Attorney, Agent or Firm: Hale; John S.
Claims
We claim:
1. A sacrificial transmission sleeve for a reverse circulation down hole
hammer of the percussive type actuated by a fluid under pressure,
including an outer sleeve, a drill bit retaining means held in the outer
sleeve, and a drill bit retained in the retaining means and extending
forwardly therefrom, a portion of the drill bit provided with longitudinal
grooves forming exhaust passages for the fluid, the transmission sleeve
comprising a body and an annular flange, the body being formed of a first
inner surface and a second outer surface, the diameter of the second outer
surface being greater than that of the outer sleeve and substantially the
same as that of the drill bit, the transmission sleeve being shaped for
location between the outer sleeve and the drill bit retaining means such
that they are longitudinally spaced apart, the annular flange being of a
diameter substantially the same as the drill bit and extending from the
body towards the drill bit, the annular flange also being configured to
encircle the portion of the drill bit provided with the longitudinal
grooves to form a continuous shroud around at least a part of the grooves
so as to assist in the downward passage of exhaust fluid to a face of the
drill bit.
2. A sacrificial transmission sleeve for a reverse circulation down hole
hammer according to claim 1, in which the transmission sleeve and the
outer sleeve are integrally formed with one another.
3. A sacrificial transmission sleeve for a reverse circulation down hole
hammer according to claim 1, in which the transmission sleeve and the
drill bit retaining means are integrally formed with one another.

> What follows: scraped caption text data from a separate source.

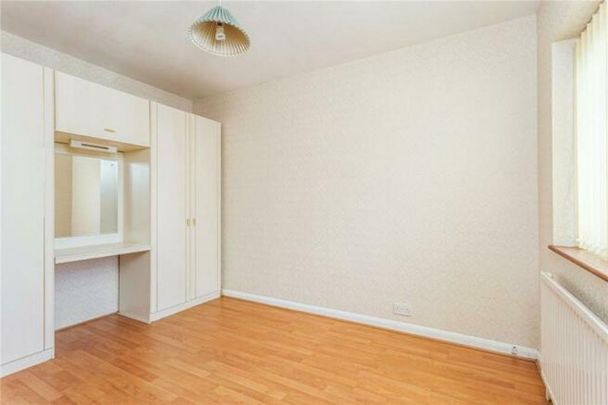 4 bedroom detached house to rent - Photo 1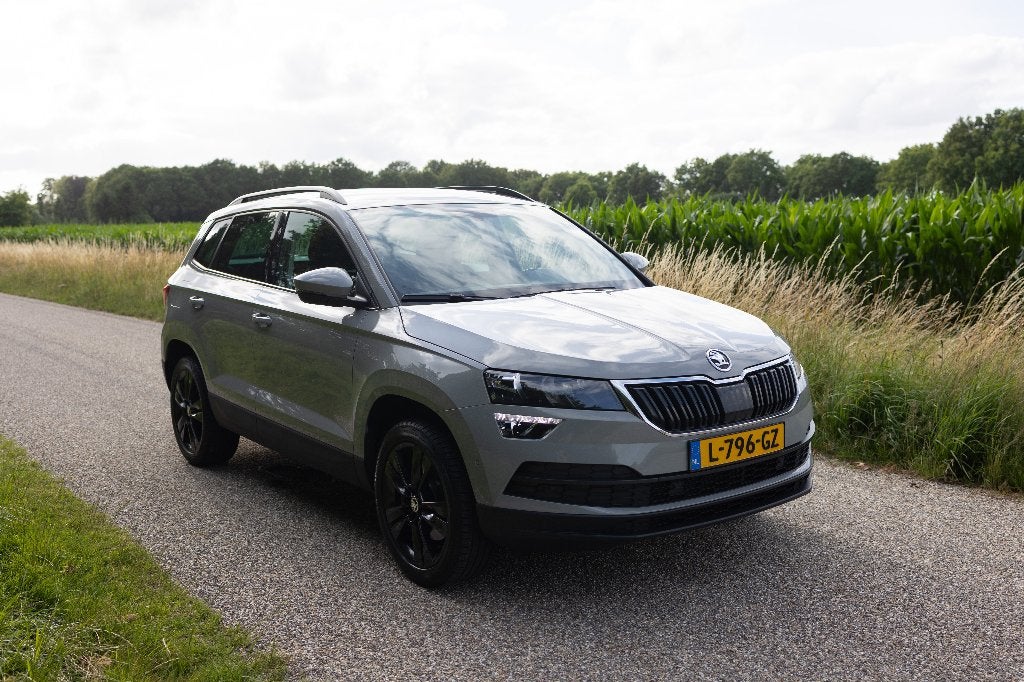 Skoda Karoq 1.5 TSI, 150pk Dsg-7 | trekhaak, camera, CarPlay, Auto's, Skoda, Stof, 1498 cc, 4 cilinders, Karoq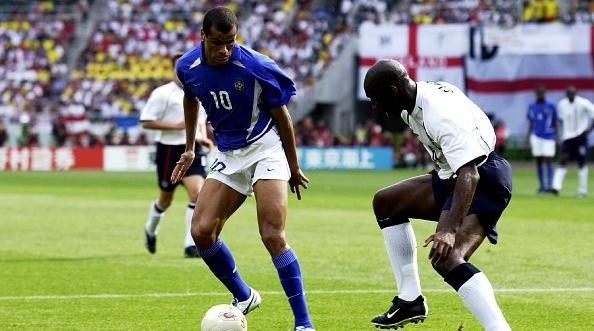 Foto: Tim De Waele/Getty Images - Rivaldo foi um dos destaques da Copa de 2002
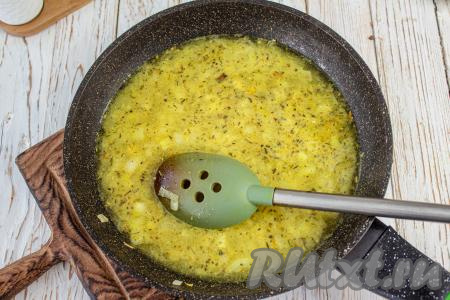 Затем тонкой струйкой, постоянно помешивая, влейте в сковороду воду и, не переставая помешивать, доведите до кипения.&nbsp;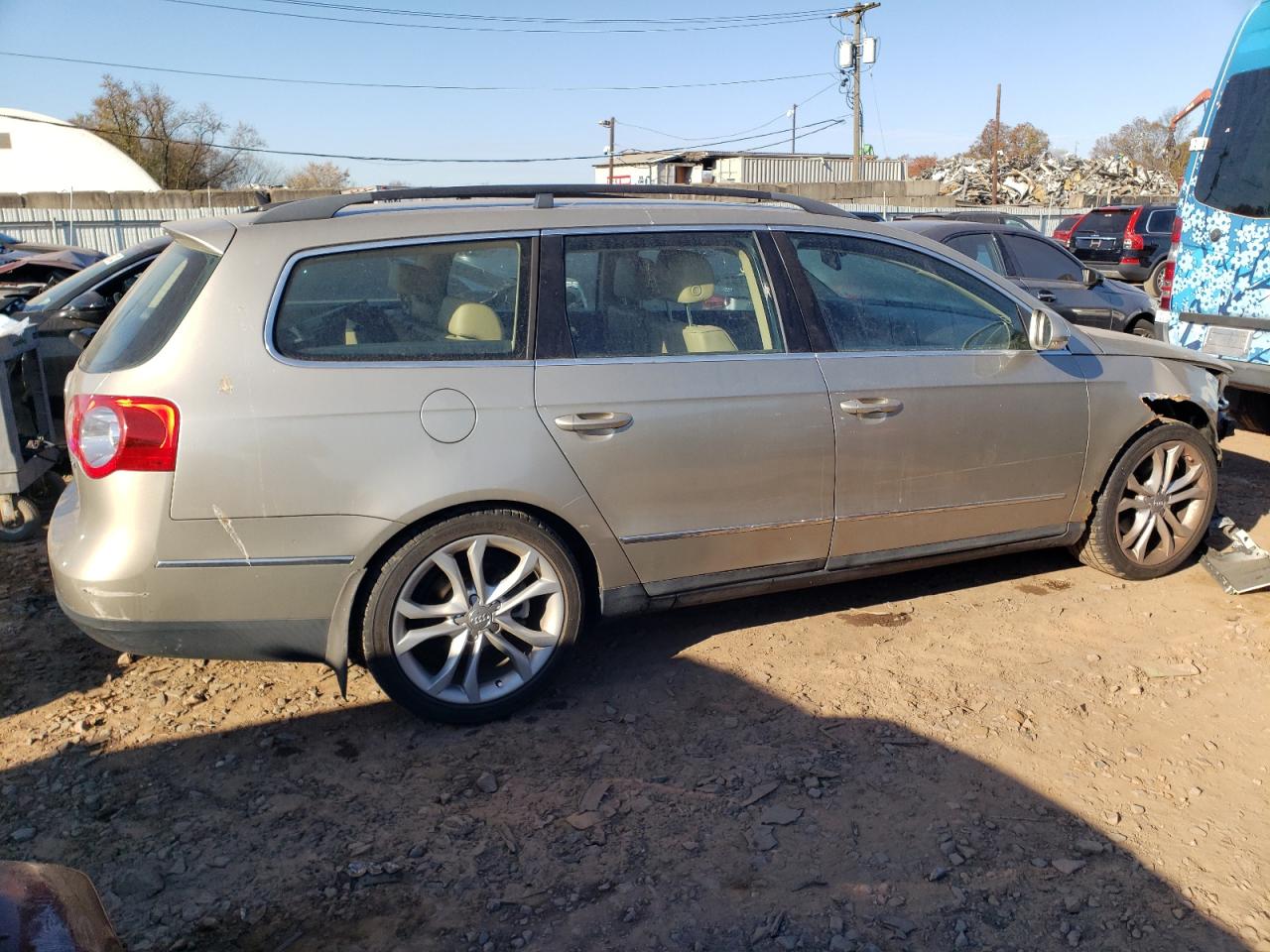 Image 3 of 2007 VOLKSWAGEN PASSAT 2.0T WAGON VALUE 2007 with VIN WVWLK73C47E005978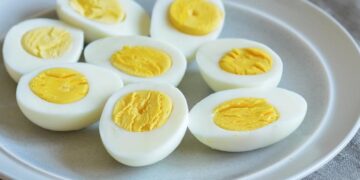 Τα αποτελέσματα είναι Απίστευτα! Τι έγινε όταν αρχισα να τρώω 3 βραστά αυγά την ημέρα για ένα μήνα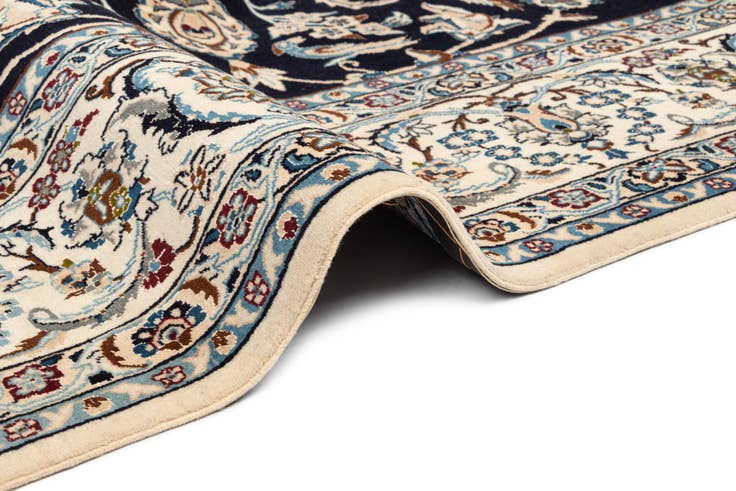 Detail image of 8' 4 x 11' 7 Nain Rug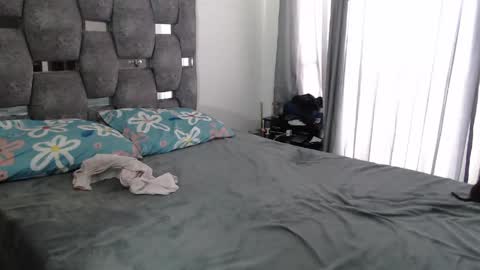 Lia online show from May 2026 04:26:02 PM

4. A sacrificial transmission sleeve for a reverse circulation down hole
hammer according to claim 1, which is formed of heat treated alloy steel
with a hardness similar to the outer sleeve but softer than the drill bit
retaining means.
5. A sacrificial transmission sleeve for a reverse circulation down hole
hammer according to claim 1, which has wear characteristics similar to the
drill bit.
6. A reverse circulation down hole hammer of the percussive type actuated
by a fluid under pressure comprising a drill bit retained by a drill bit
retaining means, the drill bit provided with longitudinal grooves forming
exhaust passages for the fluid, the retaining means being held in an outer
sleeve and a sacrificial transmission sleeve located longitudinally
between the outer sleeve and the drill bit retaining means, the
sacrificial transmission sleeve comprising a body and an annular flange,
the body being formed of a first inner surface and a second outer surface,
the diameter of the second outer surface being greater than that of the
outer sleeve and substantially the same as that of the drill bit, the
transmission sleeve being shaped for location between the outer sleeve and
the drill bit retaining means such that they are longitudinally spaced
apart, the annular flange being of a diameter substantially the same as
the drill bit and extending from the body towards the drill bit, the
annular flange being configured to encircle the portion of the drill bit
provided with the longitudinal grooves to form a continuous shroud around
at least a part of the grooves so as to assist in the downward passage of
the exhaust fluid to a face of the drill bit.
Description
The present invention relates to a sacrificial transmission sleeve for a
reverse circulation down hole hammer of the percussive type actuated by a
fluid such as compressed air. In general, in the art of reverse
circulation drilling, a relatively small annular clearance, of typically 3
mm, is provided between the drill tube and the bore of the hole being
drilled. The clearance must be kept relatively small so that air
preferentially travels around the drill bit and forces the rock cuttings
from the bottom of the hole through a passageway in the drill itself and
the drill string to the surface by the action of compressed air exhausted
around the sides of the drill bit and at the face of the bit. To further
minimise leakage of air and/or rock cuttings into the annular space, the
exhaust ports at the sides of the drill bit, and the drive sub or chuck
must be adapted so as to direct air to the face of the bit. A further
requirement of reverse circulation drilling is maximise the recovery of
rock sample from the bottom of the hole. This aim is achieved in practice
by having the maximum outside diameter of the drill bit as close as
possible to the maximum outside diameter of the drill tube. However, as
the cutting face of the drill bit bores out the hole, it wears down and
becomes smaller in diameter. When the diameter of the drill bit approaches
that of the drill tube, the drill bit would normally be replaced to
prevent damage to the drill tube occurring through contact between the
drill tube an the wall of the hole.
If a drill bit is used with a maximum outside diameter greater than that of
the drill tube, the clearance between the drill tube and the bore of the
hole is increased. This type of arrangement leads to longer bit life but
increases the leakage of air into the annular clearance, reduces the rate
of sample recovery and results in higher sample contamination. To overcome
the loss of air and sample, attempts have been made to divert pressured
air downwardly into the annular clearance. Such attempts have not been
entirely successful as they have served to reduce the pressure
differential across the hammer through increased air consumption, with a
resulting loss in blow energy. In Australian Patent Application No.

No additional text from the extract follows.